Die Stadt Leipzig hat heute einen Lösungsvorschlag für RB Leipzig und die Kleinmesse am Cottaweg vorgelegt. Demnach soll die Kleinmesse am alten Standort erhalten bleiben. Dazu erklärt Pia Heine, SPD-Stadträtin aus Leipzig-Altwest und kulturpolitische Sprecherin:
“Zunächst einmal begrüßt die SPD-Fraktion, dass nach jahrelanger Suche nun ein konkreter Vorschlag für die Zukunft der Kleinmesse auf dem Tisch liegt. Für die Schausteller endet damit eine Hängepartie und für die Leipzigerinnen und Leipziger wäre es tatsächlich ein gutes Signal, wenn die Frühjahrs- und Herbstmesse am gewohnten Standort bleiben kann.”

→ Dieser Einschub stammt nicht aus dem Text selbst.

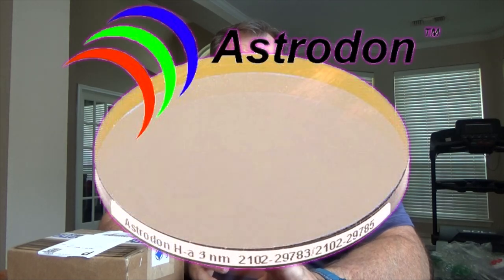Hey guys, today we're going to be talking about some new Astrodon narrowband filters, specifically the H-alpha 3 nanometer Astrodon. I get this from Cloudbreak Optics and I'm going to share it with you. My name is John Robinson, the AstroTard. This is Deep Sky Channel.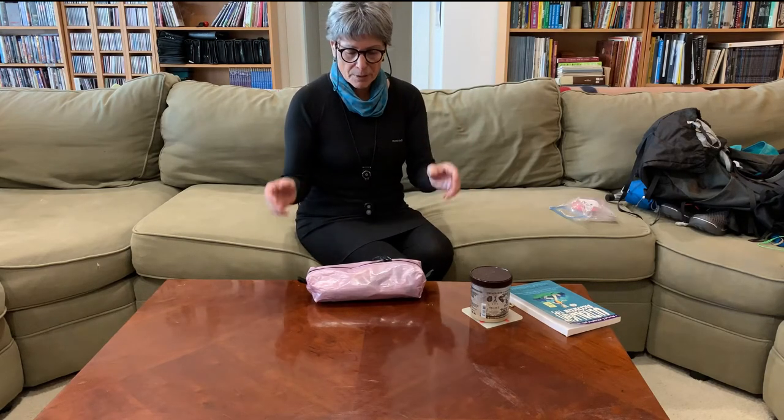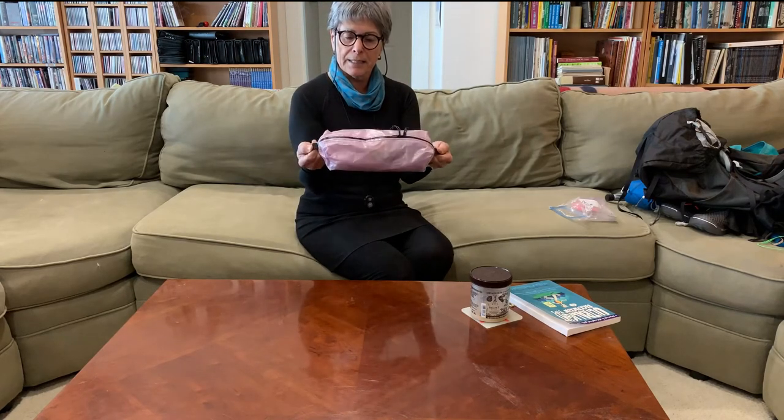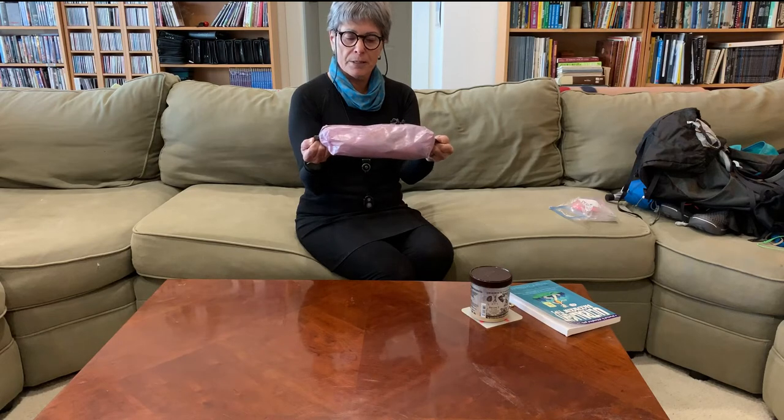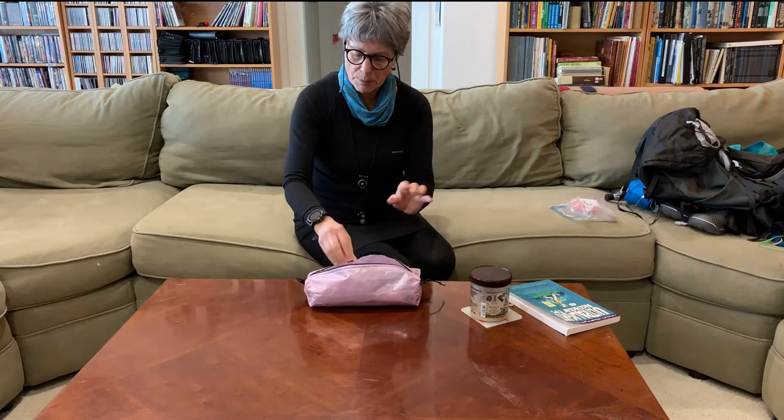This next section is my ditty bag — sort of like the drawers in your bathroom or stuff inside your medicine cabinet. My ditty bag is a wonderful Dyneema kit from Ripstop by the Roll, which was about $19. It has a Dyneema waterproof zipper and is really very lightweight and handy to put all your stuff in.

Dem vorausgegangen war eine mehrjährige Suche nach einem Ersatzstandort für die Kleinmesse, die jedoch ohne Erfolg blieb. Dafür möchte die Stadt RB Leipzig nun ein benachbartes Grundstück zur Erweiterung der Trainingskapazitäten anbieten. Das ehemalige Kleingartengelände ist seit den 1990er Jahren nicht mehr genutzt und hat sich inzwischen zu einem kleinen Wald entwickelt. Vor der Kleingartenanlage war das Areal allerdings auch schon für sportliche Zwecke genutzt worden.
Marius Wittwer, stadtentwicklungspolitischer Sprecher der SPD-Fraktion, ergänzt dazu:

“Es ist in der Tat bedauerlich, dass einmal mehr gewachsenes Stadtgrün weichen muss, um dem steigenden Nutzungsdruck unserer Stadt Platz zu machen. Jede Neuversiegelung will reiflich überlegt sein – zumal in einem so sensiblen Bereich, der die Naturräume der nördlichen und südlichen Auenlandschaft miteinander verbindet.”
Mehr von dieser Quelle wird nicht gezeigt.